Resulta fácil señalar los libros icónicos de cada país del mundo (al menos en el ámbito occidental) y así existe un razonable consenso en nombrar, por ejemplo, a Los miserables, de Víctor Hugo, como el más representativo de Francia, a La divina comedia, de Dante Alighieri, como la más excelsa de las obras de la literatura italiana, Homero y su Ilíada personifican a Grecia, Rusia no puede entenderse sin Guerra y paz, de León Tolstoi, y la lucha por la igualdad de derechos inherente (al menos en tiempos pasados) a la sociedad norteamericana está reflejada en Matar a un ruiseñor, de Harper Lee. En España (aunque no mucha gente lo haya leído) el libro más emblemático es Don Quijote de la Mancha, de Cervantes, y, en cierta manera, en don Alonso Quijano se reúnen los rasgos distintivos del carácter español: imaginativo, altruista y, generalmente, poco apegado a la realidad.

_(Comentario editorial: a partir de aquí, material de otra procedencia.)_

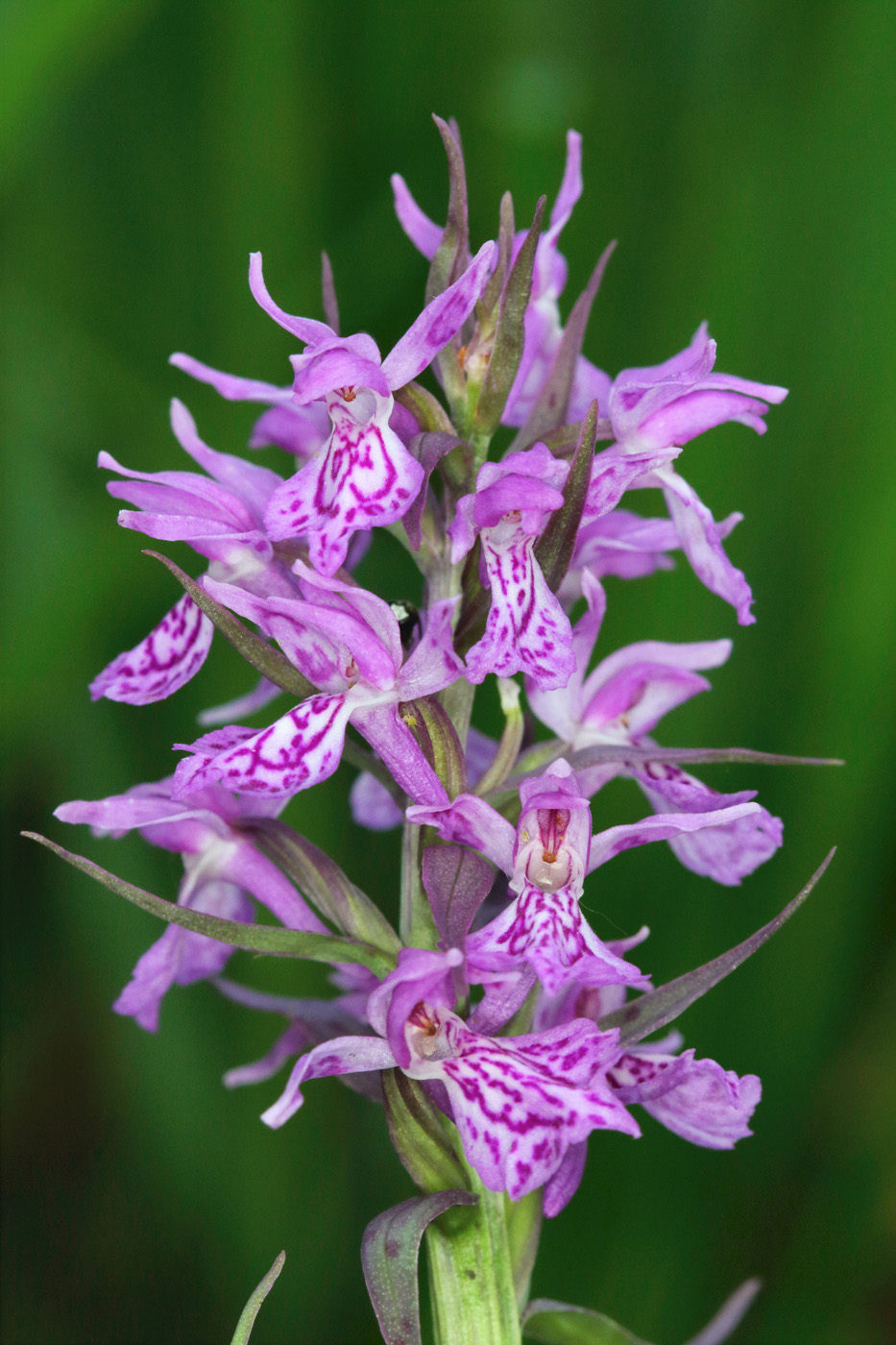 Image of Dactylorhiza urvilleana specimen.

Sin embargo, uno tiende a creer que es más verosímil considerar al Lazarillo de Tormes como el texto que mejor refleja el talante de los españoles. Baste recordar el episodio en que el amo ciego del lazarillo le reprocha a éste que estuviese comiendo más que él de un racimo de uvas, ya que, aunque habían acordado comer las uvas de una en una, el ciego las había comido de dos en dos y el lazarillo no protestó, asumiendo el ciego que era porque el muchacho las cogía de tres en tres por lo que no decía nada. Aunque escrito en el siglo XVI, el pasaje es un ejemplo perfecto del funcionamiento de la España actual en el ámbito ético y moral, un país donde la corrupción es lo que hace funcionar el sistema y donde instituciones y gobernantes se desenvuelven con soltura entre el soborno, el fraude, la malversación, la prevaricación, el nepotismo y un sinfín más de trapicheos. En consecuencia, el ciudadano común hace también lo posible por engañar al Estado… hasta donde pueda y le dejen. Cobrar en negro, defraudar a Hacienda, escriturar viviendas por debajo de su valor, acceder ilícitamente a subvenciones y regalías… todo ello con el aplauso de sus convecinos que consideran estas conductas antes un mérito que un delito.

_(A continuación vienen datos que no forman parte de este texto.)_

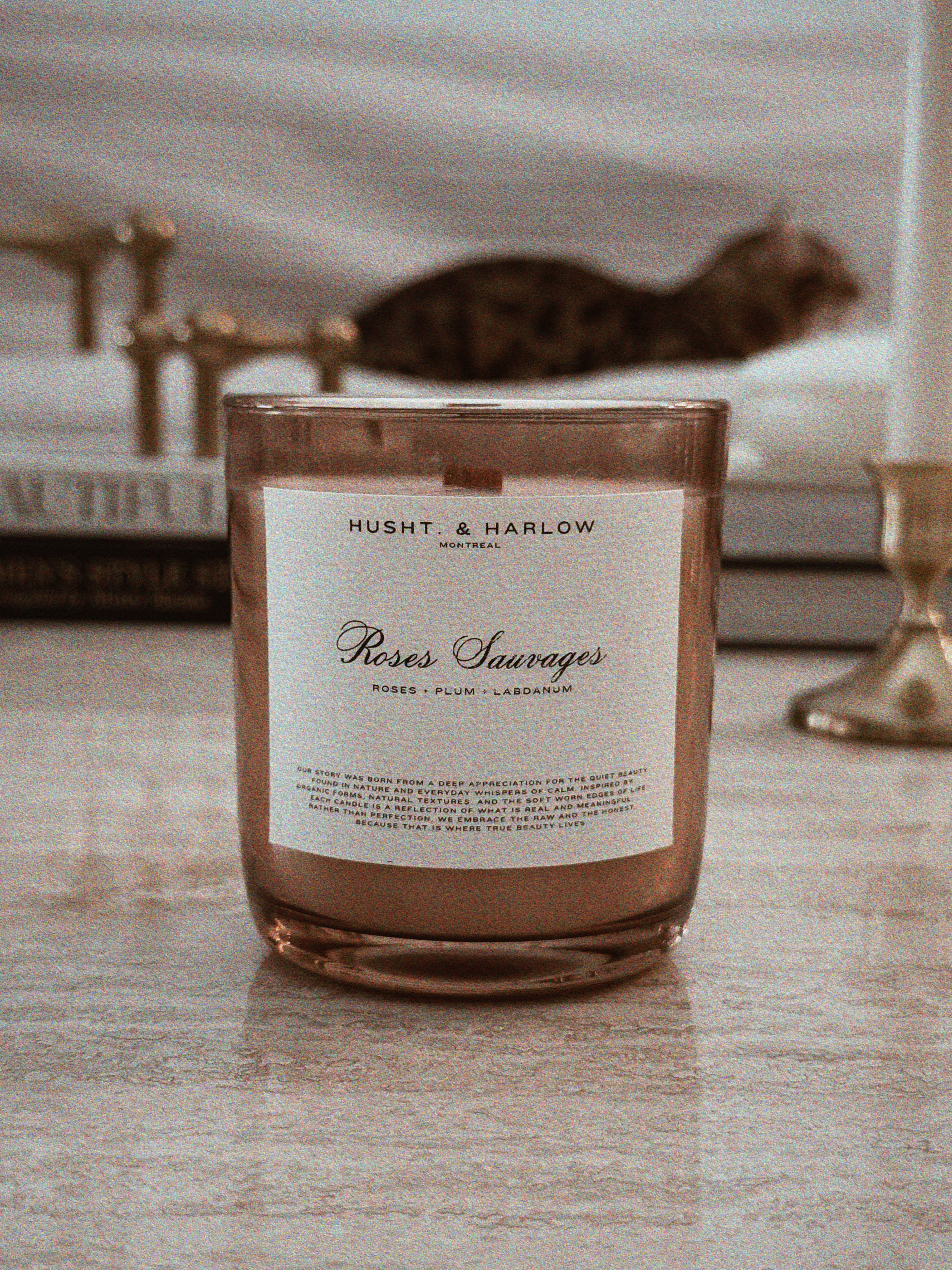 ROSES SAUVAGES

Si los gobiernos abusan de su poder y “se comen las uvas de dos en dos”, el ciudadano se las ingenia si no para comérselas si, al menos para “chupetearlas de tres en tres”. Es el pícaro y no el caballero andante el abanderado del pueblo español. El mismo Cervantes suscribió implícitamente esta tesis en Rinconete y Cortadillo donde en el patio de Monipodio y en pocas palabras retrató a la sociedad española pasada, presente y, probablemente, futura. “¿Es vuesa merced por ventura ladrón? Si -respondió él- para servir a Dios y a las buenas gentes, aunque no de los muy cursados; que todavía estoy en el año de noviciado”. ¿En que país sino en el nuestro, puede haber ladrones que sirvan a Dios y a las buenas gentes?